Once you find the line with "Gold necklace with" in the data that follows, repeat it and every line after it exactly, through the line with "Slide: The Image".

PROVIDED ENTRIES |
——————————

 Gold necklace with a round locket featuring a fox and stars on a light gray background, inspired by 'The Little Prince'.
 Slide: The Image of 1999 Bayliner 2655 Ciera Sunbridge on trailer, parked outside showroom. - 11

——————————

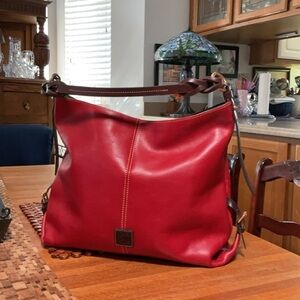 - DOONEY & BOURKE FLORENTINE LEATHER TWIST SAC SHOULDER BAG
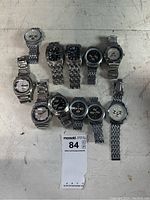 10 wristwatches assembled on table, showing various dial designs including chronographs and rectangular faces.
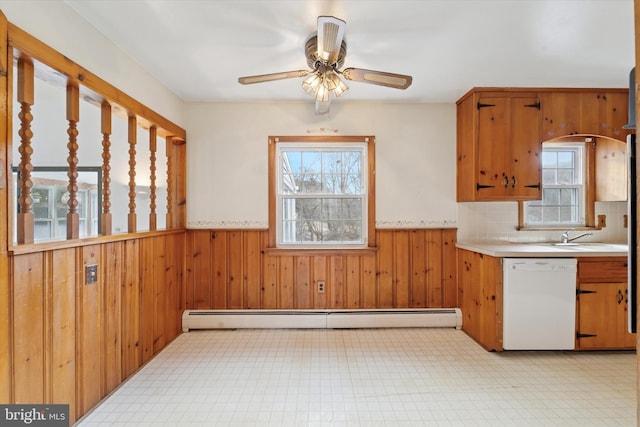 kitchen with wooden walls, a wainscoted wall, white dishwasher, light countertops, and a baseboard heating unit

——————————

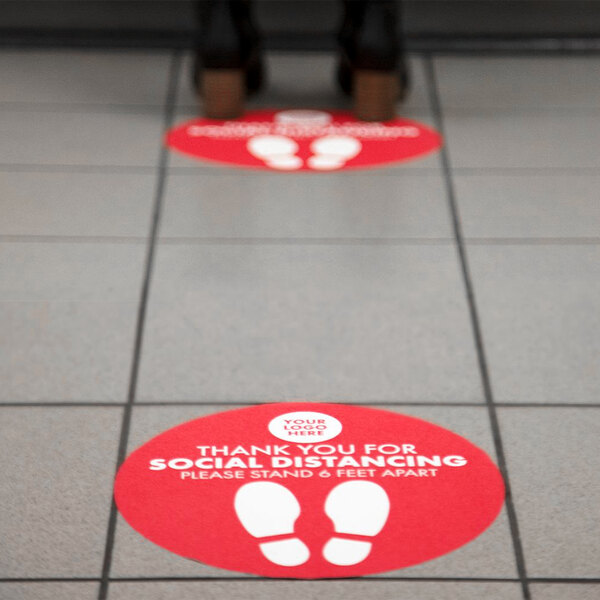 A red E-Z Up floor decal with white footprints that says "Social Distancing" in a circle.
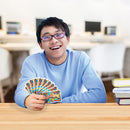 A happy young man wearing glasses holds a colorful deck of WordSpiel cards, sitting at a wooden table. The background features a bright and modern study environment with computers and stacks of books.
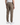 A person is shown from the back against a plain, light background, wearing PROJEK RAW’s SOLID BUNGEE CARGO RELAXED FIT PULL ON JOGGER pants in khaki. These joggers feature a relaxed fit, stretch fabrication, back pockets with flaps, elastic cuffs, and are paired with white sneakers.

——————————

YOUR RESPONSE |
 Gold necklace with a round locket featuring a fox and stars on a light gray background, inspired by 'The Little Prince'.
 Slide: The Image of 1999 Bayliner 2655 Ciera Sunbridge on trailer, parked outside showroom. - 11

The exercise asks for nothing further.